Verses and tales alike sustain the burden of cosmic panic. The raven
whose noisome beak pierces the heart, the ghouls that toll iron bells
in pestilential steeples, the vault of Ulalume in the black October
night, the shocking spires and cones under the sea, the "wild, weird
clime that lieth, sublime, out of Space--out of Time"--all these
things and more leer at us amidst maniacal rattlings in the seething
nightmare of the poetry. And in the prose there yawn open for us the
very jaws of the pit--inconceivable abnormalities slyly hinted into
a horrible half-knowledge by words whose innocence we scarcely doubt
till the cracked tension of the speaker's hollow voice bids us fear
their nameless implications; demoniac patterns and presences slumbering
noxiously till waked for one phobic instant into a shrieking revelation
that cackles itself to sudden madness or explodes in memorable and
cataclysmic echoes. A Witches' Sabbath of horror flinging off decorous
robes is flashed before us--a sight the more monstrous because of the
scientific skill with which every particular is marshalled and brought
into an easy apparent relation to the known gruesomeness of material
life.

Poe's tales, of course, fall into several classes; some of which
contain a purer essence of spiritual horror than others. The tales of
logic and ratiocination, forerunners of the modern detective story, are
not to be included at all in weird literature; whilst certain others,
probably influenced considerably by Hoffman, possess an extravagance
which relegates them to the borderline of the grotesque. Still a third
group deal with abnormal psychology and monomania in such a way as to
express terror but not weirdness. A substantial residuum, however,
represents the literature of supernatural horror in the acutest form;
and give their author a permanent and unassailable place as deity
and fountain-head of all modern diabolic fiction. Who can forget the
terrible swollen ship poised on the billow-chasm's edge in "Ms. Found
in a Bottle"--the dark intimations of her unhallowed age and monstrous
growth, her sinister crew of unseeing greybeards, and her frightful
southward rush under full sail thru the ice of the Antarctic night,
sucked onward by some resistless devil-current toward a vortex of
eldritch enlightenment which must end in destruction?
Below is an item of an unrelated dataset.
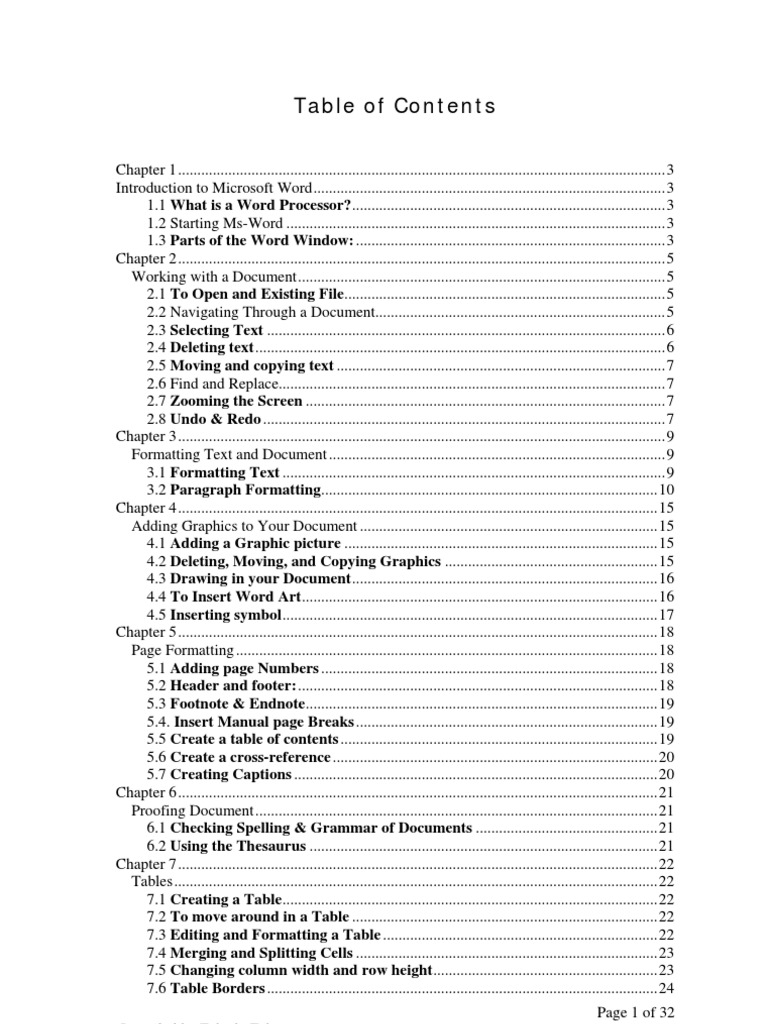 Ms Word 03 Manual Microsoft Word Paragraph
Then there is the unutterable "M. Valdemar," kept together by hypnotism
for seven months after his death, and uttering frantic sounds but a
moment before the breaking of the spell leaves him "a nearly liquid
mass of loathsome, of detestable putrescence." In the "Narrative of
A. Gordon Pym" the voyagers reach first a strange south polar land of
murderous savages where nothing is white and where vast rocky ravings
have the form of titanic Egyptian letters spelling terrible primal
arcana of earth; and thereafter a still more mysterious realm where
everything is white, and where shrouded giants and snowy-plumed birds
guard a cryptic cataract of mist which empties from immeasurable
celestial heights into a torrid milky sea. "Metzengerstein" horrifies
with its malign hints of a monstrous metempsychosis--the mad nobleman
who burns the stable of his hereditary foe; the colossal unknown horse
that issues from the blazing building after the owner has perished
therein; the vanishing bit of ancient tapestry where was shown the
giant horse of the victim's ancestor in the Crusade's; the madman's
wild and constant riding on the great horse, and his fear and hatred
of the steed; the meaningless prophecies that brood obscurely over the
warring houses; and finally, the burning of the madman's palace and
the death therein of the owner, borne helpless into the flames and
up the vast staircase astride the beast he has ridden so strangely.
Afterward the rising smoke of the ruins takes the form of a gigantic
horse. "The Man of the Crowd," telling of one who roams day and night
to mingle with streams of people as if afraid to be alone, has quieter
effects, but implies nothing less of cosmic fear. Poe's mind was
never far from terror and decay, and we see in every tale, poem, and
philosophical dialogue, a tense eagerness to fathom unplumbed wells of
night, to pierce the veil of death, and to reign in fancy as lord of
the frightful mysteries of time and space.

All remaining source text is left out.